The question in Austin, then, is will the overhaul of Mack Brown's coaching staff reverse the on-field fortunes and return the Longhorns to their usual status as championship contenders in the Big 12?
Some new ideas and styles were probably needed. Texas' offensive line and running attack were poor, quarterback Garrett Gilbert was inconsistent and mistake-prone, Texas struggled in the red zone and the defense was vulnerable against the run.
That's a long list of problems to be fixed. Brown and his new coaches have a lot of issues to address this spring to clean up the mess of last season.
Texas was the only team in the Big 12 South that wasn't bowl eligible last season, which means the Longhorns went from playing for the 2009 national title to sitting at home for the holidays.
Longtime offensive coordinator Greg Davis "resigned" after the season, and there will be co-coordinators this season with holdover Major Applewhite and newcomer Bryan Harsin. Harsin, who had been coordinator at Boise State, will call plays and also serve as quarterback coach. Applewhite will continue to oversee the running backs. The new offensive line coach is Stacy Searels, who had held the same position at Georgia. He replaces Mac McWhorter, who retired. The new wide receiver coach is Darrell Wyatt, who had been co-coordinator and wide receiver coach at Kansas. Wyatt, who's also a former assistant at Oklahoma and Oklahoma State, replaces Bobby Kennedy, who now is receivers coach at Colorado.
There's also a new coordinator on the other side of the ball. After Will Muschamp, who also had been Texas' coach-in-waiting, was hired as coach at Florida, Brown turned to the SEC for his replacement. The new guy is Manny Diaz, who spent last season coordinating Mississippi State's defense. He had been hired by the Bulldogs in December 2009 after a stint at Middle Tennessee. Brown also turned to the SEC for his new defensive tackle coach, nabbing Bo Davis off Alabama's staff. Davis replaces Mike Tolleson, who retired from coaching but now will be a fund-raiser at the school.
Secondary coach Duane Akina left for Arizona in January but returned to Austin last week. His return came after his replacement, Jerry Gray, spent less than two weeks on the job before leaving to become the defensive coordinator with the NFL's Tennessee Titans.

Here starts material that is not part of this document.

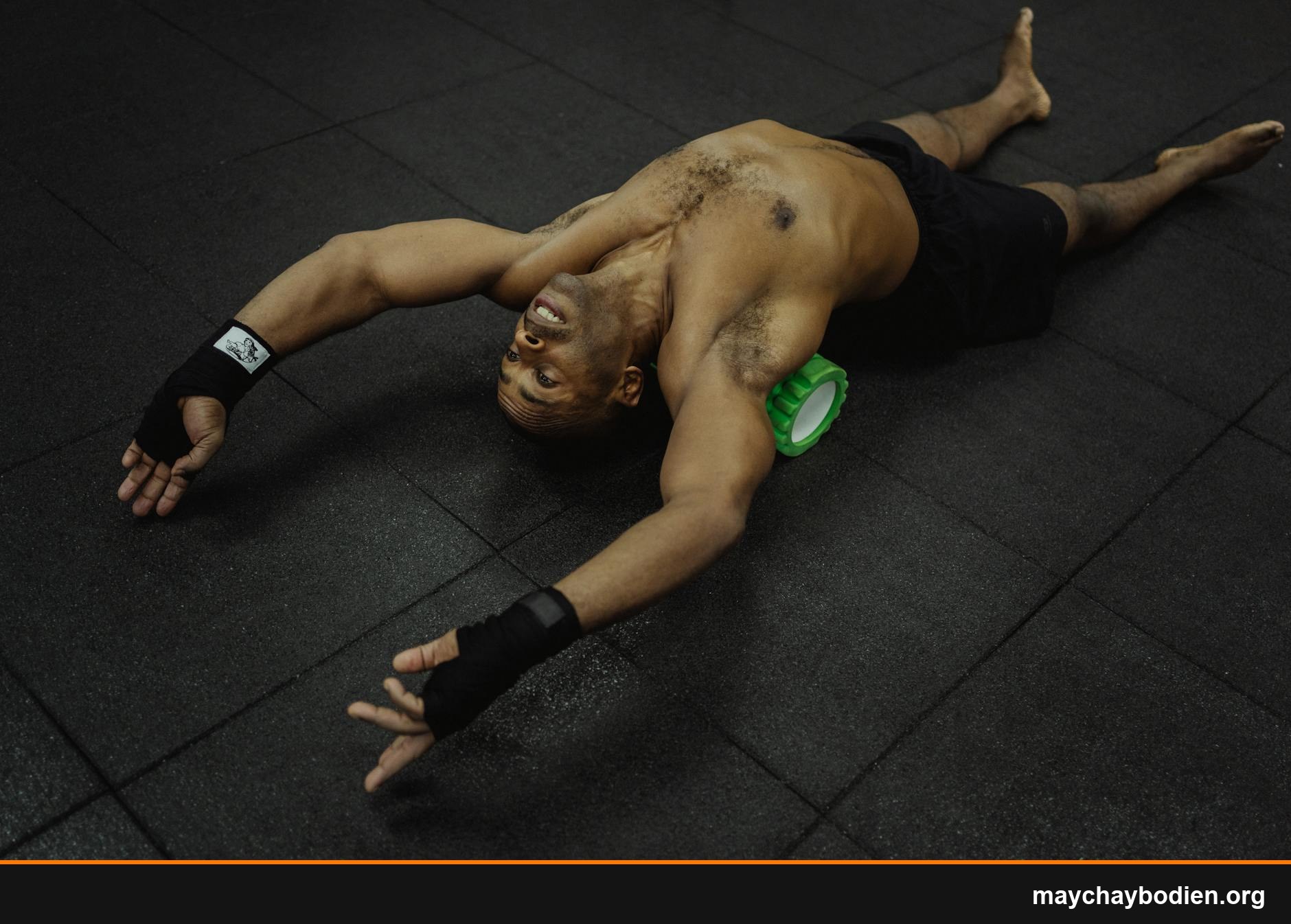 con lăn tập lưng foam roller có tốt không hướng dẫn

Here's a look at what the rebuilt coaching staff has to work with this spring.
Positions of strength
Texas' linebackers could be extremely good. All-Big 12 selection Emmanuel Acho and Keenan Robinson, who posted a team-leading 113 tackles, head up the group. In addition, heralded '10 recruit Jordan Hicks could break into the starting lineup after making 23 tackles as a reserve last season. But the Longhorns need to do a better job in the middle. Safety is sound, too, with starters Blake Gideon and Christian Scott back. But Scott will have to fend off challenges from Kenny Vaccaro, who could end up at corner, and junior Nolan Brewster, who is coming off a redshirt season.
Help is needed
Where to start? The Longhorns lost CBs Chykie Brown, Curtis Brown and Aaron Williams. A combination of those three started every game the past two seasons. The offensive line was an absolute mess in 2010 and three starters are gone, which might not be so bad. New line coach Stacy Searels faces a big job in revamping that unit. Running back also is an area of concern. The Longhorns haven't had a running back reach even 600 rushing yards since Jamaal Charles in '07. The boost they need may not show up until this summer, when highly touted freshman Malcolm Brown is set to arrive.
3 guys to watch
WR Mike Davis: Last season, he set a team freshman record with 47 catches and already is the team's best receiver. He could emerge from solid player to rising star this spring. He's also shown leadership qualities, which Texas' offense desperately needs.
QB Garrett Gilbert: Last season, his first as the starter, Gilbert passed for 2,744 yards. But he threw only 10 TDs and 17 interceptions, and struggled in the red zone. He has to show progress is making decisions, eliminating mistakes and taking charge of the offense. If he doesn't, there are some intriguing prospects on the roster.
TE Blaine Irby: Knee injuries have prevented him from playing since the third game of the 2008 season. Coincidentally, the tight end has been virtually absent from Texas' offense since that time. Irby is aiming to make a comeback this spring. If he's successful, he can add an offensive element that's been missing.
The pressure is on
OT Tray Allen: He arrived in 2007 as a high school All-American and a five-star prospect, but he hasn't shown much. He has had injury issues and even got a look on defense. Texas has some good young linemen, so Allen has to have a strong showing this spring or spend another season as a backup to complete a disappointing career.
Texas expects to win championships every season, so when the Longhorns don't even reach a bowl, it obviously doesn't sit well in Austin. Coach Mack Brown has declared open competition at all positions. With a rebuilt coaching staff, seemingly no job is safe. The Longhorns' past three recruiting classes were each ranked among the nation's top five. There are talented young players on the roster who must show this spring they're ready to move into the starting lineup.